I have no pictures to show of the walk up to the top of Little Doward. It’s a matter of a head-bowing trudge with the added burden of numerous false summits ie just when you think you’re approaching the top another summit emerges. The thought occurs that had I been part of a bronze age attack force I’d have given up before reaching the hill fort that crowns it. Another thought comes with it. If this is Little Doward you can forget its big brother.
There was one useful and unexpected spin-off arising from the head-bowing trudge. Halfway up, we hit the ‘elephant’s graveyard’ of sweet chestnuts. There were hundreds and hundreds of them, shells opened just waiting to be picked. Two things stopped us. We’d stumbled upon them too late, most of them spoiled. The other thing was we had no bags to carry them, and would we want to carry them up the various hills. But next year. At the right time. We’ll be there, perhaps hiring some Sherpas.

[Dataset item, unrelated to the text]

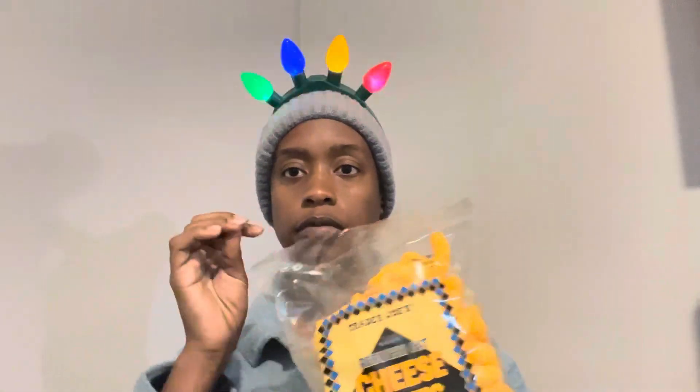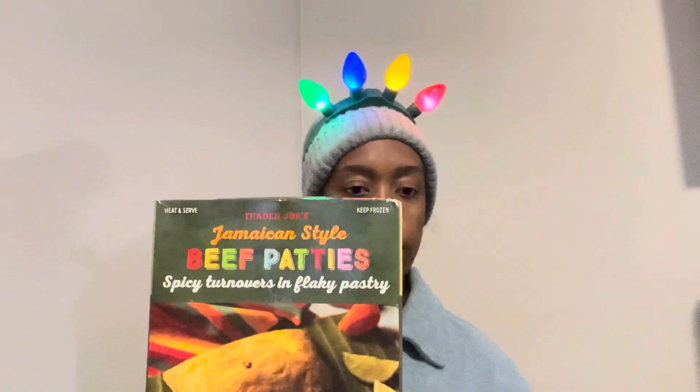Then I got a bag of reduced fat cheese puffs — those should be interesting. And I got three boxes of the Jamaican style beef patties. Two come in the box, so three boxes.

Horse chestnuts not so nice. Note the difference in casings.
But at the top you step on to pure magic, an unspoilt terrain unchanged from the C18th and a sense of what that Bronze Age hill fort controlled.
The viewing spot.
Two to three thousand years ago this would have been surrounded by a stockade. The tree line indicates where.
The land that time forgot
Not lakes, but mist
Mist and silhouettes as we walk down hill
Trees in a fierce winter sun
Light on wood
Before entering the forest you pass through a gorge that resembles a gatehouse.
Mist and magic
Putting your best foot forward
Grasping on for dear life
And now we face another walk up a very steep hill. I feel like that beetle.